- [What to do]: Reproduce the listing that follows in full. Omit its images.

- [Data section]:
++++++

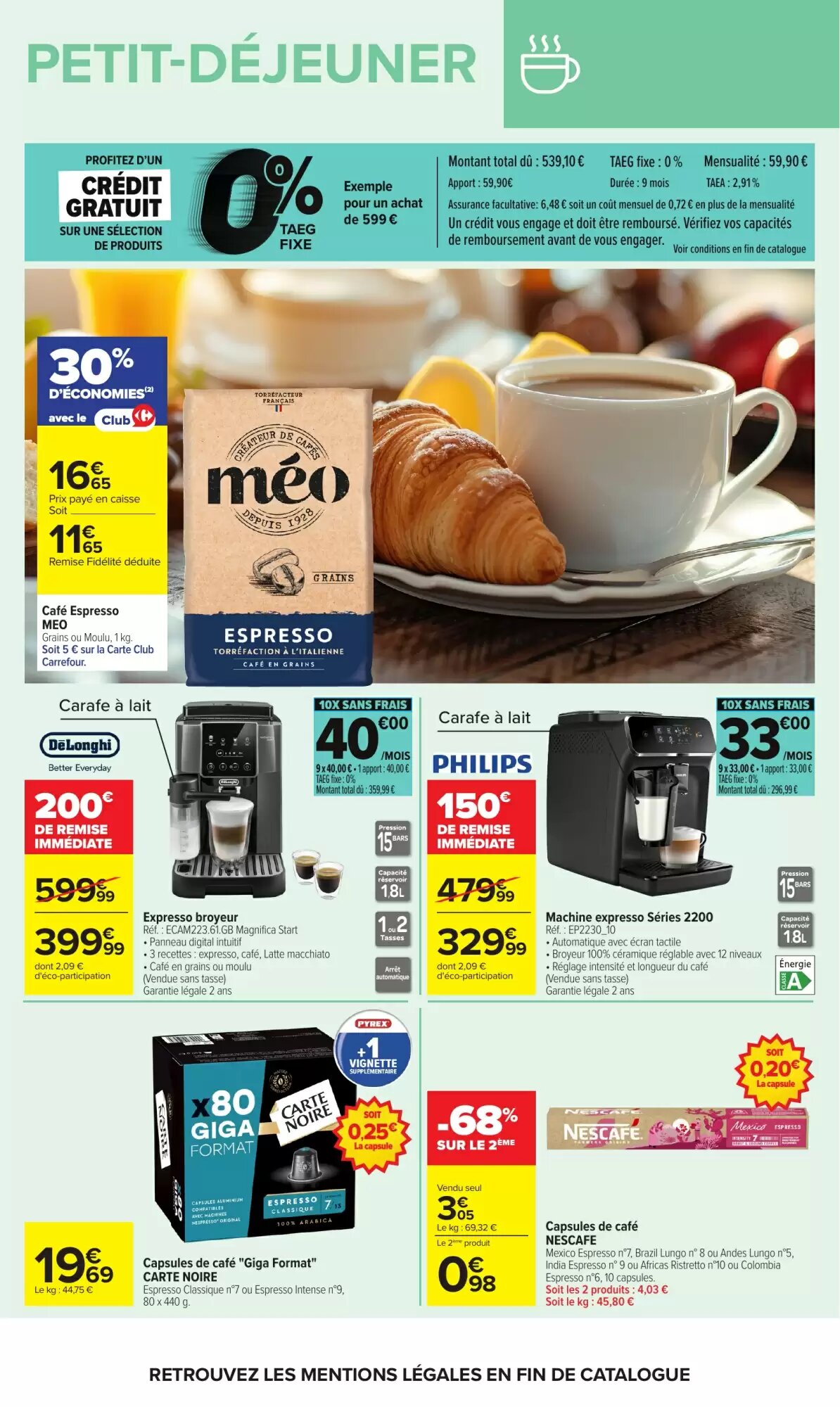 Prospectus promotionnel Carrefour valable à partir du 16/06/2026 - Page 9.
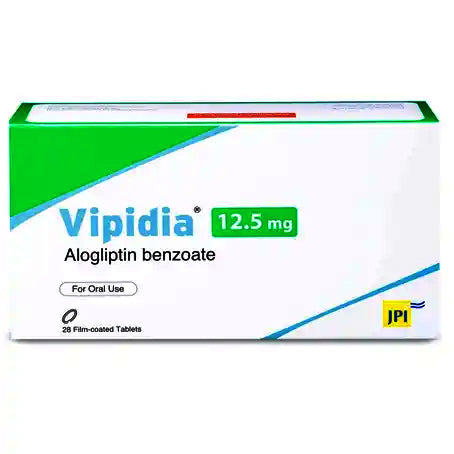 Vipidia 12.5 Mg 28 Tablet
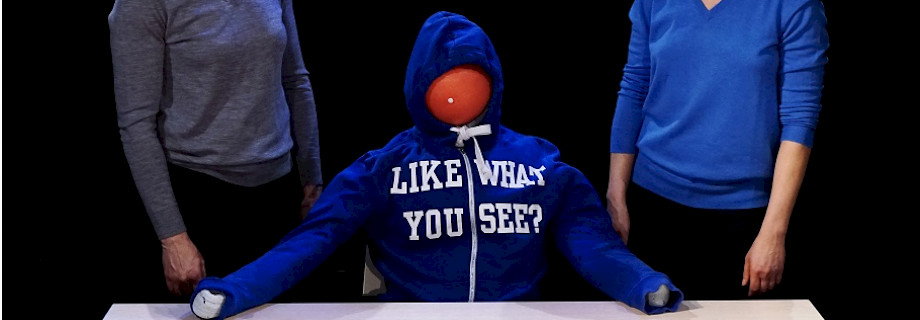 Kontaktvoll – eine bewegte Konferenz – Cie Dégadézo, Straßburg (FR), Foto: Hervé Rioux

++++++

- [Response to the task]:
 Prospectus promotionnel Carrefour valable à partir du 16/06/2026 - Page 9.
 Vipidia 12.5 Mg 28 Tablet
 Kontaktvoll – eine bewegte Konferenz – Cie Dégadézo, Straßburg (FR), Foto: Hervé Rioux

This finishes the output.